11 Tips For Healthier Grilling
There’s something liberating about barbecue season. Enjoying a meal outside on a lovely summer evening always feels like the ultimate in relaxed eating. But not everything is rosy when it comes to using a backyard barbecue. Cooking over a flame is about the least healthy way to prepare food.
The less time your meat spends over a flame the better. This is why:
When meat is cooked at high temperatures, carcinogenic compounds can form in the fatty juices. Called HCAs, these compounds have been associated with higher rates of colorectal, stomach, lung, pancreatic, breast, and prostate cancers. Flare ups caused by dripping fat can coat your meat with another family of carcinogens, called PAHs.
Although this sounds a little scary, it doesn’t mean you need to stop grilling. There are some simple ways to reduce these unwelcome compounds and get the great barbecue flavour that you love.
Here are 11 tips to for healthier grilling:
- Choose smaller cuts of meat that cook more quickly or precook your meat a little bit. The less time your food spends over a flame the better.
- Grill more fish, lean chicken, vegetables and fruit. Fish and lean chicken cooks more quickly and at lower temperatures.
- Cook your meat over indirect heat so meat that can take a long time to cook doesn’t spend too long over a flame. With this method drippings don’t fall on flames so don’t create smoke.
- Take care to keep your meat from burning and if it does burn a little don’t eat the charred bits.
- Some herbs and spices can inhibit the formation of HCAs (some research has shown that rosemary can reduce HCAs by more than 60%) and marinades can be even more effective in reducing the amount of HCAs that form. Marinades with vinegar or lemon juice work best. Barbecue sauce can protect against HCAs and PAHs, although it can burn easily so should be brushed on during the last few minutes of cooking.
- Trim visible fat off your meat to reduce flare ups and keep a spray bottle of water handy to douse any flames.
- Keep your grill racks clean so grit from last week’s barbecue doesn’t cause flare ups. Keep the bottom of your grill clean to minimize smoking fat.
- If you like to grill with charcoal choose natural lump charcoal. Conventional briquettes are made with coal dust, sodium nitrate, sawdust or petroleum products. Burning them pollutes contaminates the food you’re grilling.

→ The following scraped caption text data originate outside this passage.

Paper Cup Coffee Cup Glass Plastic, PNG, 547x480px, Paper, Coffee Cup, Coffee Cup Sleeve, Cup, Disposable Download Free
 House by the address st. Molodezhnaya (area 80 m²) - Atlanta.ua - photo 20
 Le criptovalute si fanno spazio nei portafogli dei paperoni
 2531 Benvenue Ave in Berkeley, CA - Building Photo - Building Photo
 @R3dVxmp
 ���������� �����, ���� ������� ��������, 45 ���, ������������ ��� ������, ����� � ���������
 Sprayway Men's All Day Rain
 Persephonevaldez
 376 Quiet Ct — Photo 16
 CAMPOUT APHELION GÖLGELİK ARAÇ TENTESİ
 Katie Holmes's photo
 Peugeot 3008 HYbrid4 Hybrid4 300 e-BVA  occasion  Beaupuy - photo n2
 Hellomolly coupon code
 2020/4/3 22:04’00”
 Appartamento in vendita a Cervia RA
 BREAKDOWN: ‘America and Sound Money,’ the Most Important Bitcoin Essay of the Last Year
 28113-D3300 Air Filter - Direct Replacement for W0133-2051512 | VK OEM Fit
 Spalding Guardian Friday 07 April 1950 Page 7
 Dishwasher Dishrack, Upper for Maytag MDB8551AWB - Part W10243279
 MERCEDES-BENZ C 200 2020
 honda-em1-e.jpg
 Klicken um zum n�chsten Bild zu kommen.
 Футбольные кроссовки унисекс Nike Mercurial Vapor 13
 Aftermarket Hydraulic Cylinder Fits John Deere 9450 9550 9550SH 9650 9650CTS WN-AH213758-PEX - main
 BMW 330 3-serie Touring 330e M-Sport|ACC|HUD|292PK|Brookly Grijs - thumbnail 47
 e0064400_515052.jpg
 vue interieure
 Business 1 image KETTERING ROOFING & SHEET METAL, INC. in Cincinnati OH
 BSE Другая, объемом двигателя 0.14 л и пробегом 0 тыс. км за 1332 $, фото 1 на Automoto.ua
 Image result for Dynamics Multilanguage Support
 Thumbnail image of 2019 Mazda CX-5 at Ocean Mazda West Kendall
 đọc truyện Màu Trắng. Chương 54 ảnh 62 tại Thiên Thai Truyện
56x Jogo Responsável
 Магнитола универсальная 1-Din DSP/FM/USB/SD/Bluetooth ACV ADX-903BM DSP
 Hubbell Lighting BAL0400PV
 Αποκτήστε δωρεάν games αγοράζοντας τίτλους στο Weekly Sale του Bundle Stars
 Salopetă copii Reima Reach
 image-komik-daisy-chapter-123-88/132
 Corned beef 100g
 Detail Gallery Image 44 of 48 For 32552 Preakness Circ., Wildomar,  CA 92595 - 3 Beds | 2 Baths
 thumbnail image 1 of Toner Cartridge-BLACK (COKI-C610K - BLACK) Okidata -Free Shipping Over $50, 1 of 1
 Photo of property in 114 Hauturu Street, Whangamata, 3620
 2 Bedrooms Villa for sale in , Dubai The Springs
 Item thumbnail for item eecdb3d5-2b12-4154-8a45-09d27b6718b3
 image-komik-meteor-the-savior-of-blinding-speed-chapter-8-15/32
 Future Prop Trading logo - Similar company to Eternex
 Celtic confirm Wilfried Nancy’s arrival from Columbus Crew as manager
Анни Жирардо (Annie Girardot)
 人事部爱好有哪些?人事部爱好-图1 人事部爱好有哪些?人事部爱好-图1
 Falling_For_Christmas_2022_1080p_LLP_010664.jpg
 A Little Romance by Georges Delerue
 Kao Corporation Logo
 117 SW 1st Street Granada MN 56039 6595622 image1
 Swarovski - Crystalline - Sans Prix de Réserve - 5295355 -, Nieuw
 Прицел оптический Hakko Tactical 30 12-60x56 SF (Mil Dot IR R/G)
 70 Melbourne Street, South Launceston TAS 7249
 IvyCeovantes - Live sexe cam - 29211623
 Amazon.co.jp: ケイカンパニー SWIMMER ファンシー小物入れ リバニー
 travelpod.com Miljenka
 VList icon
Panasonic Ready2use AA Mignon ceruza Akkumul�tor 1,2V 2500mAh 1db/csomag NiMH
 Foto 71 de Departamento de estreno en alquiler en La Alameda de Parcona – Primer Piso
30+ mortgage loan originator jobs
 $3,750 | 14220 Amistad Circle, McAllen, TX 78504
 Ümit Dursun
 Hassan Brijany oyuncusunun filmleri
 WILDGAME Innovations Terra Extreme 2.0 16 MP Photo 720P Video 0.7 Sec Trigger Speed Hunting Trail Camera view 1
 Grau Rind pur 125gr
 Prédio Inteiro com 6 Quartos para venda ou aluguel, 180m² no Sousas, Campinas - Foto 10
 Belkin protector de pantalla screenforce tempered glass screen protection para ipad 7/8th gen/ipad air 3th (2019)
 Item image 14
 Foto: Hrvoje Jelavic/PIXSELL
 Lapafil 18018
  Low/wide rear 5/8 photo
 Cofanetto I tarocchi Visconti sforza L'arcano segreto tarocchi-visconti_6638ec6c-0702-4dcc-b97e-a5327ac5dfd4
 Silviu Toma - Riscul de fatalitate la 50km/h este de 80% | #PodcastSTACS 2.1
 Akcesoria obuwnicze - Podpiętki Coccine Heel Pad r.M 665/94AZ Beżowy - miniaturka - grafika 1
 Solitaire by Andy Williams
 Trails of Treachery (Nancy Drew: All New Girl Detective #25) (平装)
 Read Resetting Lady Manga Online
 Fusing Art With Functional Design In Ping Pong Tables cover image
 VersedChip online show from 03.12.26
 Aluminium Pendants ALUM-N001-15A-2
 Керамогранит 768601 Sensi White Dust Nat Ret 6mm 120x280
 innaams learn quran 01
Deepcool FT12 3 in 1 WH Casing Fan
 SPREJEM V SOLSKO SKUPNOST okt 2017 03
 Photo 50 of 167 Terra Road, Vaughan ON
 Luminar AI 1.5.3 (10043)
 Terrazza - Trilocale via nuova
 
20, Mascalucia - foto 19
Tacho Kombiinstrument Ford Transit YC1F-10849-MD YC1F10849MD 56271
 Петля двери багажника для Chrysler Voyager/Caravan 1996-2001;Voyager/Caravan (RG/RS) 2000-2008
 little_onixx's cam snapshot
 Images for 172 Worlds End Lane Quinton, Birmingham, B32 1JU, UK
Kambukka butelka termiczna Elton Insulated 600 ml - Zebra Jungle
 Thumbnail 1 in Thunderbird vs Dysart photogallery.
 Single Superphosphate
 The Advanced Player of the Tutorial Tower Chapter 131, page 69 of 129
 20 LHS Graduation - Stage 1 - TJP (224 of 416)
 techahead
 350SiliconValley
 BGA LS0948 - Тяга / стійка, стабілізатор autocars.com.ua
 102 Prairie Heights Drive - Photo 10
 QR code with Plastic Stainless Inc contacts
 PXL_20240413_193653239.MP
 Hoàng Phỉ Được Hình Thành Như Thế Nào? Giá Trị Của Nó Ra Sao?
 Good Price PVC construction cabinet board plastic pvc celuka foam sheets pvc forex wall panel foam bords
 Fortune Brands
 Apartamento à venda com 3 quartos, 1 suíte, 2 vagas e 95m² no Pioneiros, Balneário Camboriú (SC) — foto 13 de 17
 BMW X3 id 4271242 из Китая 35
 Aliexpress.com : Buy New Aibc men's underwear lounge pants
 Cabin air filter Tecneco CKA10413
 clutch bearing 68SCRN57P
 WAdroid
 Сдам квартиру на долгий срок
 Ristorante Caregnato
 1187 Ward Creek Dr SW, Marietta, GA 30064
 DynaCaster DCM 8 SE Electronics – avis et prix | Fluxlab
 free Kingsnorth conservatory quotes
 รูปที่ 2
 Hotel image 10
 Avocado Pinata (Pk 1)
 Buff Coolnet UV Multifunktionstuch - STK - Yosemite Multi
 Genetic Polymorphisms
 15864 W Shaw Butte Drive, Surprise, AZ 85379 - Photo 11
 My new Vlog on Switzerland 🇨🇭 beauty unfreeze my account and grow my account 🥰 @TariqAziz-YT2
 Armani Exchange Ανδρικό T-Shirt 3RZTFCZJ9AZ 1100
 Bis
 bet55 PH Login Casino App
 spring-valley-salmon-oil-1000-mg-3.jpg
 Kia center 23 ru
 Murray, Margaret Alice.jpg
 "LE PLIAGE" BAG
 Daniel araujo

- Avoid processed meats like hot dogs and grill fresh meat, poultry and fish instead. According to the American Institute for Cancer Research, eating even small amounts of sausage and hot dogs increase colorectal cancer risk. (The Institute recommends avoiding these foods, except for special occasions.)
- Choose ceramic coated or stainless steel grill baskets instead of Teflon coated grilling accessories since Teflon comes with its own set of worries when exposed to high temperatures and the non-stick coating can be easily scratched by metal barbecue tools.
- If you’re feeding a crowd avoid Styrofoam and plastic plates. Hot food can melt the Styrofoam and allows your food to absorb some of the chemicals. Choose paper plates instead (and put them in the compost) or better yet, buy reusable plates made from bamboo or other natural materials.